* _Instructions for the task_
Can you copy out the data exactly? Leave the images out.

* _Supplied material_
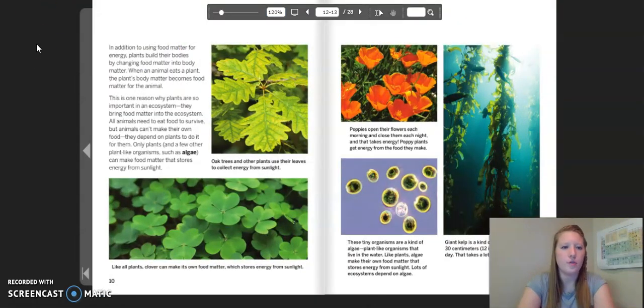In addition to using food matter for energy, plants build their bodies by changing food matter into body matter. When an animal eats a plant, the plant's body matter becomes food matter for the animal. This is one reason why plants are so important to an ecosystem — they bring food matter into the ecosystem. All animals need to eat food to survive, but animals can't make their own food. They depend on plants to do it for them. Only plants, and a few other plant-like organisms such as algae, can make food matter that stores energy from sunlight. Oak trees and other plants use their leaves to collect energy from sunlight. Like all plants, clover can make its own food matter which stores energy from sunlight.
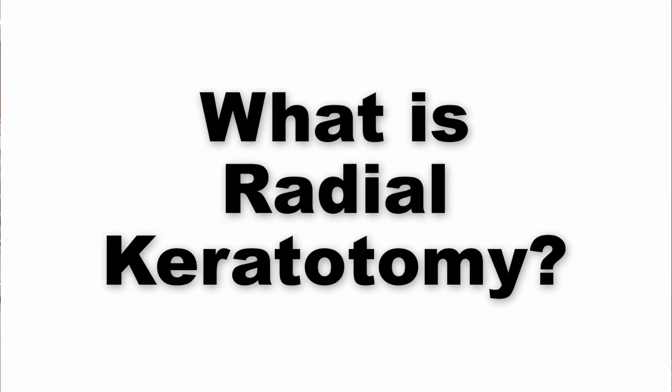What is radial keratotomy? This is Dr. Matwani from Cornea Revolution. Radial keratotomy was the procedure that was done before laser vision correction. It was done in the 70s, 80s, some 90s, and continued for a while in the 2000s in certain parts of the world.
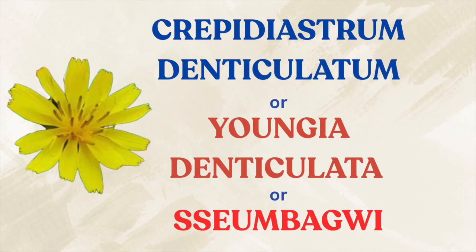What if I told you that there is a leafy green vegetable from Korea — yes, a vegetable — that might be able to help protect your skin from all of this? Today we will be discussing the latest research about this exciting Korean plant called Crepidiastrum denticulatum, or Youngia denticulata. Is this the next great thing, or just hype?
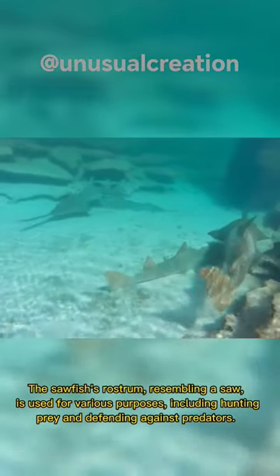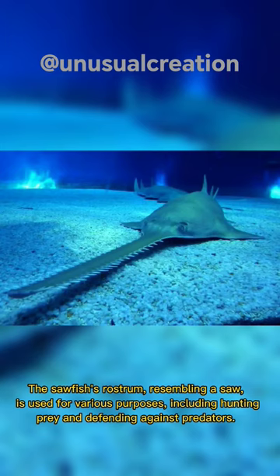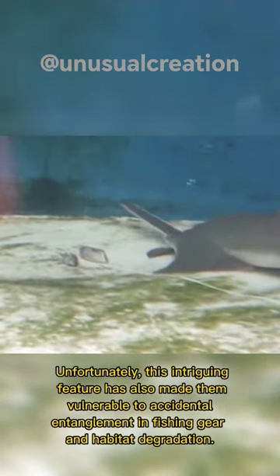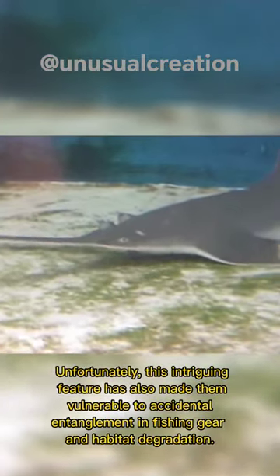The sawfish's rostrum, resembling a saw, is used for various purposes, including hunting prey and defending against predators. Unfortunately, this intriguing feature has also made them vulnerable to accidental entanglement in fishing gear and habitat degradation.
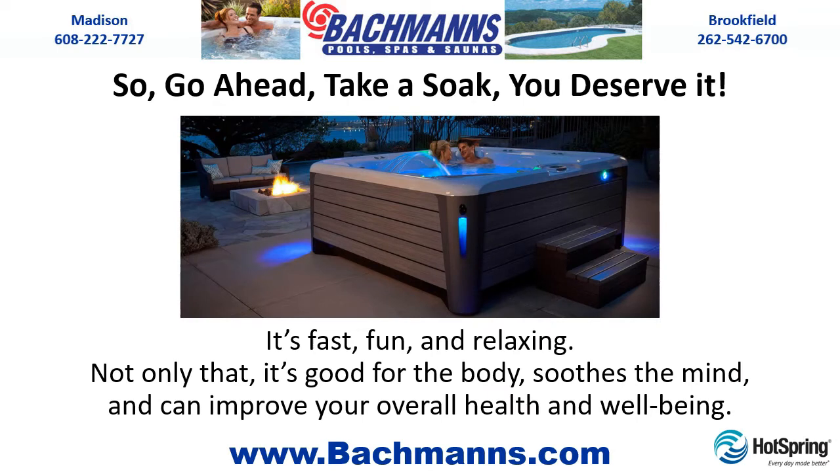So go ahead, take a soak. You deserve it. It's fast, fun, and relaxing. Not only that, it's good for the body, soothes the mind, and can improve your overall health and well-being.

* _Answer space_
In addition to using food matter for energy, plants build their bodies by changing food matter into body matter. When an animal eats a plant, the plant's body matter becomes food matter for the animal. This is one reason why plants are so important to an ecosystem — they bring food matter into the ecosystem. All animals need to eat food to survive, but animals can't make their own food. They depend on plants to do it for them. Only plants, and a few other plant-like organisms such as algae, can make food matter that stores energy from sunlight. Oak trees and other plants use their leaves to collect energy from sunlight. Like all plants, clover can make its own food matter which stores energy from sunlight.
What is radial keratotomy? This is Dr. Matwani from Cornea Revolution. Radial keratotomy was the procedure that was done before laser vision correction. It was done in the 70s, 80s, some 90s, and continued for a while in the 2000s in certain parts of the world.
What if I told you that there is a leafy green vegetable from Korea — yes, a vegetable — that might be able to help protect your skin from all of this? Today we will be discussing the latest research about this exciting Korean plant called Crepidiastrum denticulatum, or Youngia denticulata. Is this the next great thing, or just hype?
The sawfish's rostrum, resembling a saw, is used for various purposes, including hunting prey and defending against predators. Unfortunately, this intriguing feature has also made them vulnerable to accidental entanglement in fishing gear and habitat degradation.
So go ahead, take a soak. You deserve it. It's fast, fun, and relaxing. Not only that, it's good for the body, soothes the mind, and can improve your overall health and well-being.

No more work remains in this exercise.